Key Experimental Results

Main Results: Navmesh Alignment (Chamfer Distance, lower is better)

On a benchmark of 50 procedural scenes (\(50\times50\)m), navmeshes extracted from generated scenes were compared to ground-truth navmeshes. WorldGen outperformed baselines by 40–50%.

Model NavMesh Chamfer ↓
Model A 0.038
Model B 0.049
Model C 0.048
Baseline 0.042
Baseline* (Finetuned on our scene triplets) 0.038
Ours 0.022

Scene Decomposition: Quality and Speed (Table 2)
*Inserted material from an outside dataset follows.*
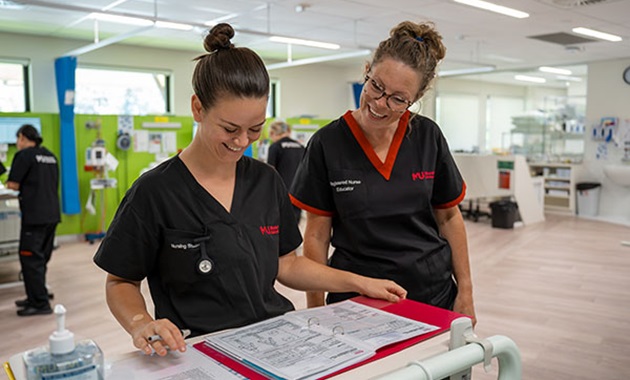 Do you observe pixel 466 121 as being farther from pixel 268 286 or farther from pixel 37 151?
pixel 268 286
Model Chamfer ↓ [email protected] [email protected] Time
Top PartGen Model A 0.171 0.090 0.443 1 min
Top PartGen Model B 0.136 0.155 0.633 3 min
AutoPartGen 0.144 0.281 0.683 10 min
Ours 0.061 0.322 0.853 1 min

Ablation Study

Configuration Key Metrics Note
Full end-to-end fine-tuning Best navmesh alignment Full pipeline
Updating cross-attention layers only 25% degradation in Chamfer Condition layers alone cannot handle non-trivial alignment
Connectivity-first + remainder token Time 10 min → ~1 min Hubs first + residue analysis

Key Findings

  • Traversability as a Hard Constraint is Effective: Navmesh conditioning reduces Chamfer distance by 40–50%. Even when reference images and navmesh are intentionally inconsistent, the model follows the navmesh, proving it learns "spatial organization" rather than just copying images.
  • Condition Injection Must be Deep: Fine-tuning only the new layers leads to a 25% performance drop, confirming that navmesh-to-mesh alignment requires whole-network adaptation.
  • Decomposition Order Dictates Efficiency: Swapping lexicographical order for connectivity-based order and using a remainder token is key to compressing 10 minutes into 1 minute.
  • Style Consistency via Global Context: Highlighting target objects in orange on an overhead view and using global reference images prevents style drift during independent object enhancement.

Highlights & Insights

  • The "Function to PG, Appearance to Generator" paradigm is clean: using procedural layouts for traversability bypasses the "3D scene data scarcity" and "functionality failure" issues of pure generators.
  • Navmesh as a 3D editable condition is more elegant than editing 2D images. Editing the walkable surface directly in 3D provides clear semantic intent and precise control.
  • Connectivity-first + remainder flag tokens solve the speed bottleneck of autoregressive decomposition.
  • Global reconstruction then decomposition ensures that objects in occluded areas are coherent and "fit back together," unlike "segment-then-reconstruct" approaches.

Limitations & Future Work

  • Single Reference View Ceiling: Dependence on a single reference image currently limits generation to bounded, single-layer scenes (no multi-story buildings).
  • Lack of Asset Instantiating: Identical assets are not reused, affecting rendering efficiency.
  • Lack of Quantitative Playability Metrics: Evaluation focuses on Chamfer distance and decomposition quality; "fun" and "immersion" rely on qualitative assessment.
  • Internal Asset Dependency: Relies on Meta’s internal 3D libraries and closed-source sub-models, creating high barriers to reproduction.
  • vs. Viewpoint-based Generation: These produce monolithic, non-decomposable geometry with artifacts; WorldGen produces decomposed, editable meshes with valid navmeshes.
  • vs. Compositional Generation: These often have misaligned objects and lack scale; WorldGen uses global reconstruction to ensure contextual consistency.
  • vs. 3D Latent Scene Models: These lack diversity and textures; WorldGen leverages text-to-image generators to provide rich diversity and high-quality textures.
  • vs. Marble (World Labs): Marble uses Gaussian Splatting and degrades far from the initial viewpoint; WorldGen maintains geometric and stylistic consistency across a \(50\times50\)m range.

Rating

  • Novelty: ⭐⭐⭐⭐⭐ Injecting "navigability" as a hard constraint via a hybrid PG-generator paradigm significantly advances the field.
  • Experimental Thoroughness: ⭐⭐⭐⭐ Strong quantitative results for navmesh and decomposition, though scene-level comparisons rely on some anonymous/commercial baselines.
  • Writing Quality: ⭐⭐⭐⭐⭐ Clear four-stage motivation and well-explained design trade-offs.
  • Value: ⭐⭐⭐⭐⭐ High potential for interactive content creation, delivering game-ready 3D worlds in 5 minutes.